Re: Benchmark Data requested --- pgloader CE design ideas

From: Dimitri Fontaine <dfontaine(at)hi-media(dot)com>
To: pgsql-performance(at)postgresql(dot)org
Cc: Simon Riggs <simon(at)2ndquadrant(dot)com>, "Jignesh K(dot) Shah" <J(dot)K(dot)Shah(at)sun(dot)com>, Greg Smith <gsmith(at)gregsmith(dot)com>
Subject: Re: Benchmark Data requested --- pgloader CE design ideas
Date: 2008-02-06 11:27:56
Message-ID: 200802061227.58668.dfontaine@hi-media.com
Views: Raw Message | Whole Thread | Download mbox | Resend email
Thread:
Lists: pgsql-performance

Hi,

I've been thinking about this topic some more, and as I don't know when I'll
be able to go and implement it I'd want to publish the ideas here. This way
I'll be able to find them again :)

Le mardi 05 février 2008, Dimitri Fontaine a écrit :
> Le mardi 05 février 2008, Simon Riggs a écrit :
> > Much better than triggers and rules, but it will be hard to get it to
> > work.
>
> Well, I'm thinking about providing a somewhat modular approach where
> pgloader code is able to recognize CHECK constraints, load a module
> registered to the operator and data types, then use it.

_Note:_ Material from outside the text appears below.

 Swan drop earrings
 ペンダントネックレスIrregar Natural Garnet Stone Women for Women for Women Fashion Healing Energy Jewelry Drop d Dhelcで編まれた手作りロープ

Here's how I think I'm gonna implement it:

User level configuration
-=-=-=-=-=-=-=-=-=-

At user level, you will have to add a constraint_exclusion = on parameter to
pgloader section configuration for it to bother checking if the destination
table has some children etc.
You'll need to provide also a global ce_path parameter (where to find user
python constraint exclusion modules) and a ce_modules parameter for each
section where constraint_exclusion = on:
ce_modules = columnA:module:class, columnB:module:class

As the ce_path could point to any number of modules where a single type is
supported by several modules, I'll let the user choose which module to use.

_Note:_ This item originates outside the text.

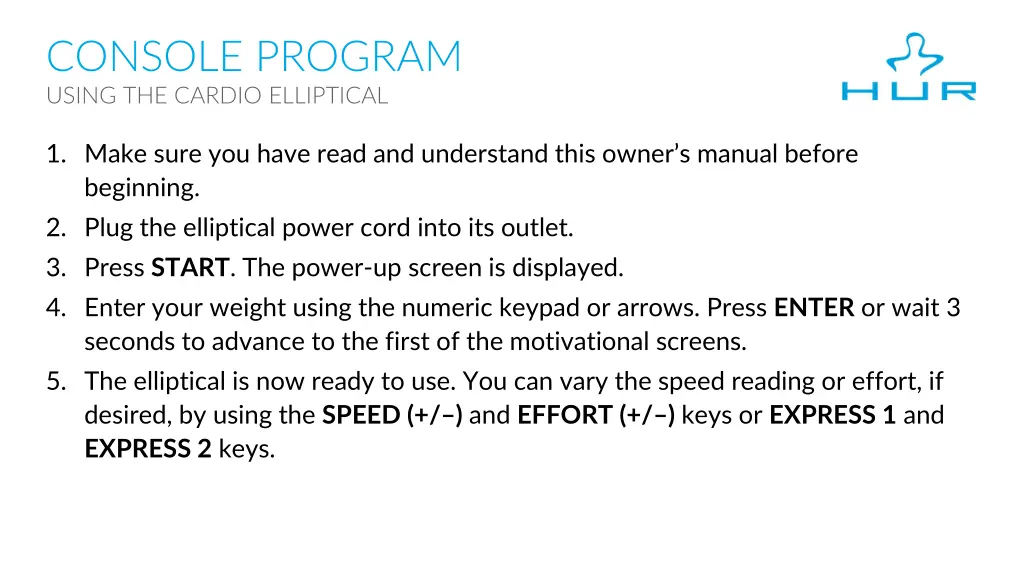 console program using the cardio elliptical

Constraint exclusion modules
-=-=-=-=-=-=-=-=-=-=-=-=-

The modules will provide one or several class(es) (kind of a packaging issue),
each one will have to register which datatypes and operators they know about.
Here's some pseudo-code of a module, which certainly is the best way to
express a code design idea:

class MyCE:
def __init__(self, operator, constant, cside='r'):
""" CHECK ( col operator constant ) => cside = 'r', could be 'l' """
...

@classmethod
def support_type(cls, type):
return type in ['integer', 'bigint', 'smallint', 'real', 'double']

@classmethod
def support_operator(cls, op):
return op in ['=', '>', '<', '>=', '<=', '%']

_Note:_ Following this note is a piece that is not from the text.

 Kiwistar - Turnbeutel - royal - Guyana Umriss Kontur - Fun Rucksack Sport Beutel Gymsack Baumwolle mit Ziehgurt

def check(self, op, data):
if op == '>' : return self.gt(data)
...

def gt(self, data):
if cside == 'l':
return self.constant > data
elif cside == 'r':
return data > self.constant

This way pgloader will be able to support any datatype (user datatype like
IP4R included) and operator (@@, ~<= or whatever). For pgloader to handle a
CHECK() constraint, though, it'll have to be configured to use a CE class
supporting the used operators and datatypes.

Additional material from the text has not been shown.